This week, I tried something new and weird. I took time out of my week in order to thank God for sending me hardships and trials this semester. All of them.
This semester has been one of the hardest periods of my entire life. I have felt worn down, tired, empty, and short of hope. I’ve been bitter about all of the struggles that I have been facing, and I have been aggravated at God for giving me mountains when all I wanted was a way out. I felt like I was constantly asking God why. Why me? Why can’t I catch a break? Why do you hate me? Why did you send me this? Why are you doing this to me? Why don’t you love me?
This semester, my discipler (a sort of spiritual/life mentor) and I have been reading a book called Trusting God by Jerry Bridges. It’s been a hard book to swallow, and has been convicting me left and right. This week was no different! The book talked about the difference between asking God ‘why’ naturally versus asking Him ‘why’ sinfully. Dang, that hit me hard. I didn’t even have to think about it, I knew I had been asking God ‘why’ in a way that was doubting His purpose, His goodness, and His sovereignty. It hurt to realize that.

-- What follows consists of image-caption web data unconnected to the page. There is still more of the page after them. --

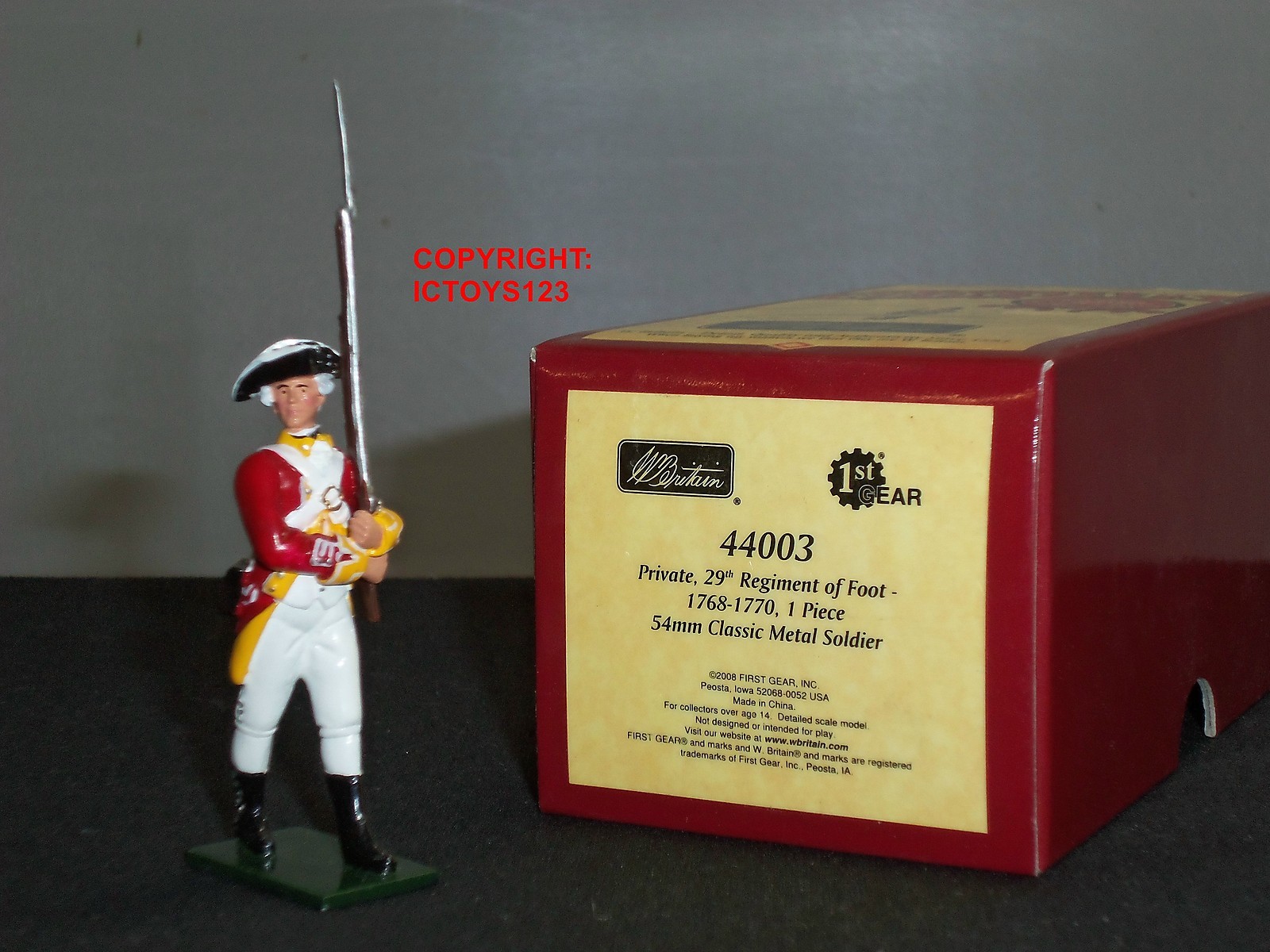 BRITAINS 44003 REDCOATS BRITISH PRIVATE 29TH REGIMENT OF FOOT 1768 TOY SOLDIER BRITAINS 44003 REDCOATS BRITISH PRIVATE 29TH REGIMENT OF FOOT 1768 TOY SOLDIER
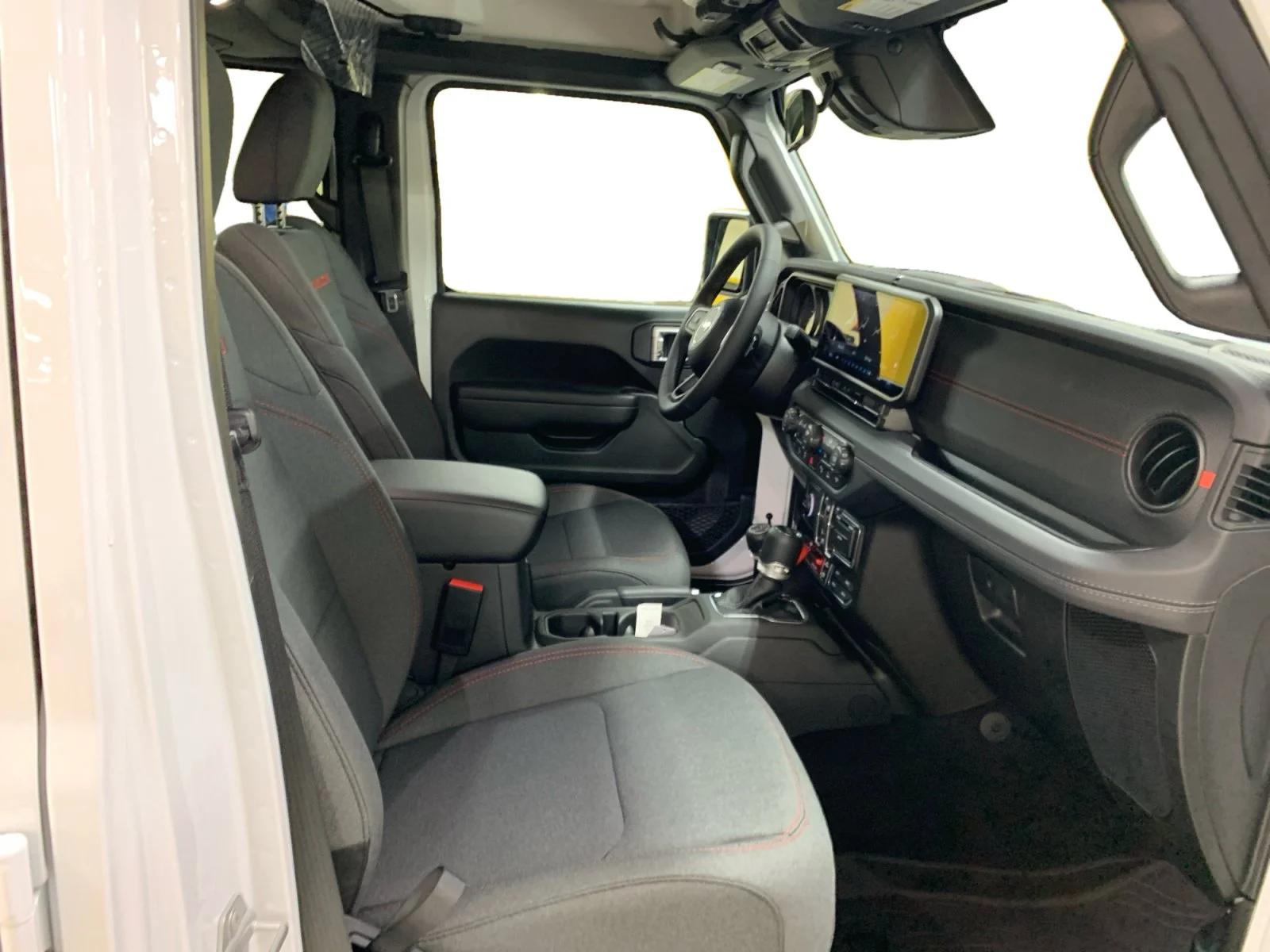 New 2026 Bright White Jeep Rubicon image 17
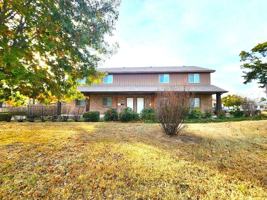 featured image of 1120 E Campbell St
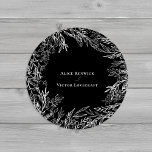 Sticker Rond Enveloppe Mariage noir et blanc<br><div class="desc">Ce design Mariage d'enveloppes de verdure noir et blanc offre une combinaison classique de typographie minimaliste simple avec un étage couleur noir et blanc neutre et une verdure élégante d'art en ligne. Les ornements en silhouette de feuille moody sont astucieusement arrangés pour créer une belle forme fluide qui démarre les...</div>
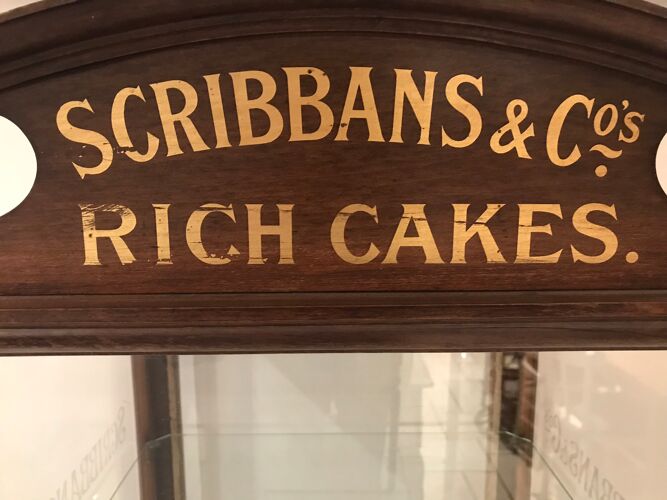 Vitrine de pâtisserie 1900 "scribbans&co - rich cakes"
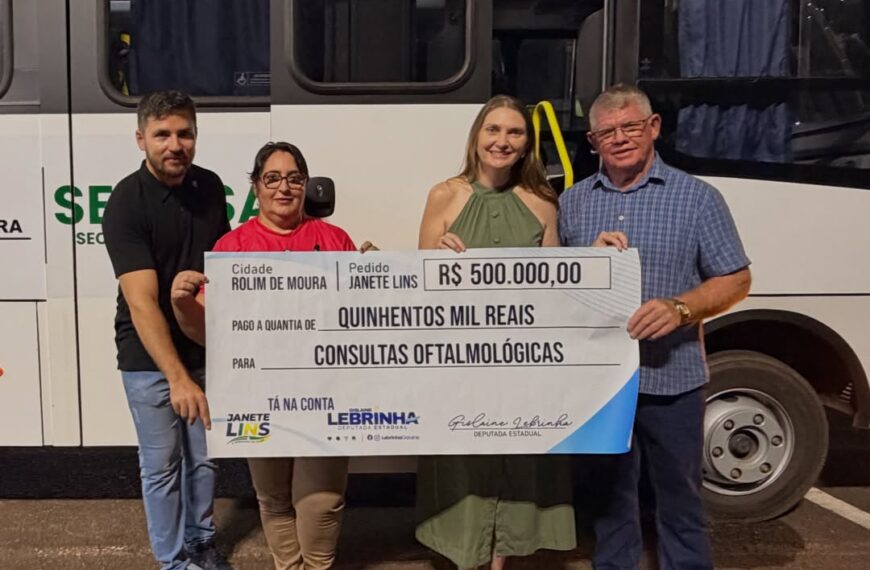 Deputada Lebrinha entrega micro-ônibus e destina R$ 500 mil para saúde em Rolim de Moura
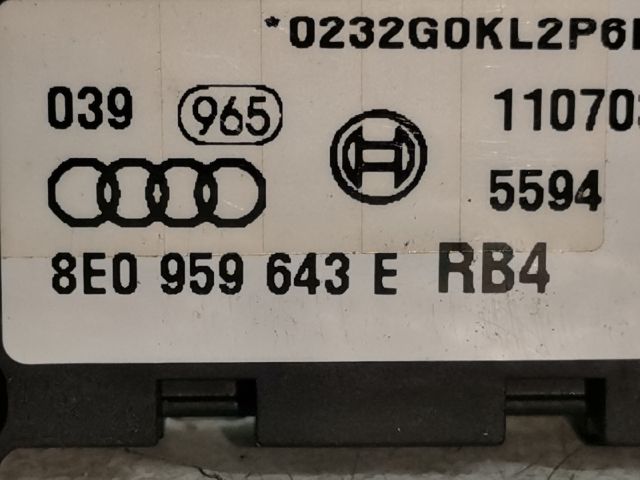 bontott AUDI A4 B6 Jobb első Oldal Ütközés Érzékelő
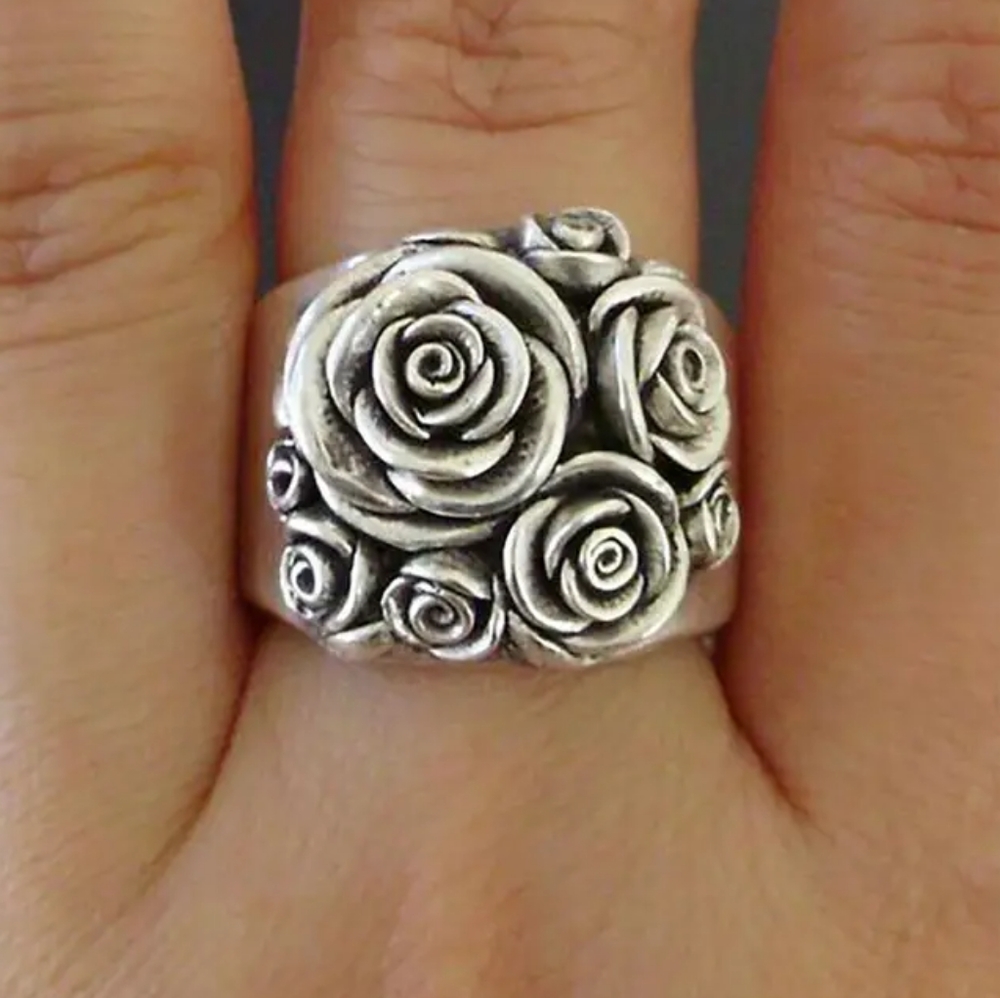 Vintage Style Silver Plated Rose Carved Ring....
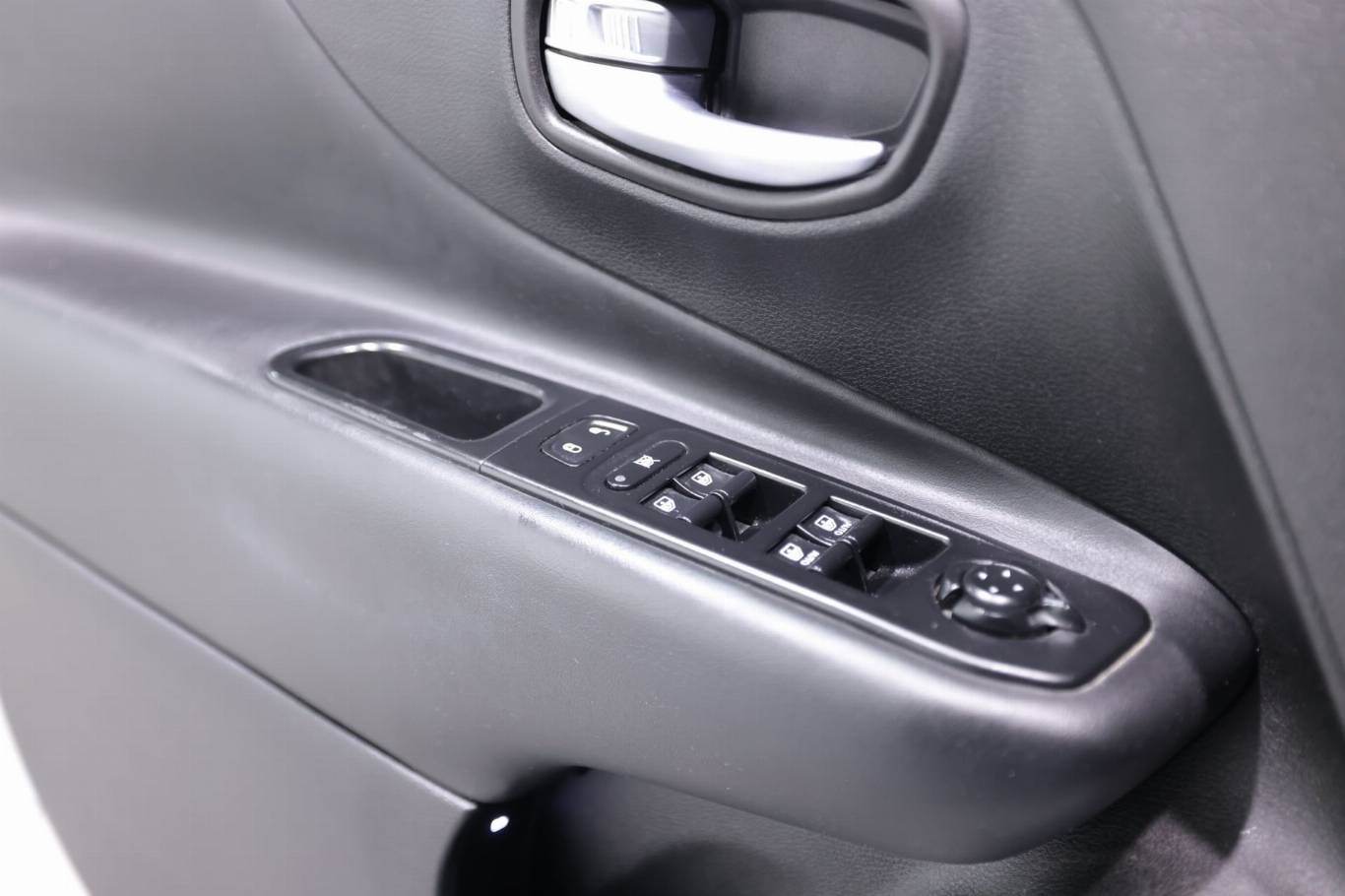 JEEP Renegade 32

So, swallowing my pride, I decided to change up my normal routine of complaining/questioning the hard and difficult things in my life. Instead, I thanked God for giving me these hardships.
Boy, was that humbling.
It felt weird. It felt a little hollow. But afterward, I felt more content than I had after any questioning session that I’d had in the past few months! It was a really cool experience (once I got over the shock of it) and I was glad that I did it.
Our lives would look so different if we responded to adversity with thankfulness instead of wariness. Thanking God for bringing difficulty into my life once again placed the power, control, and wisdom in God’s hands, where they belonged. Instead of having myself and my own wants at the center of my vision, I put God and His wisdom there.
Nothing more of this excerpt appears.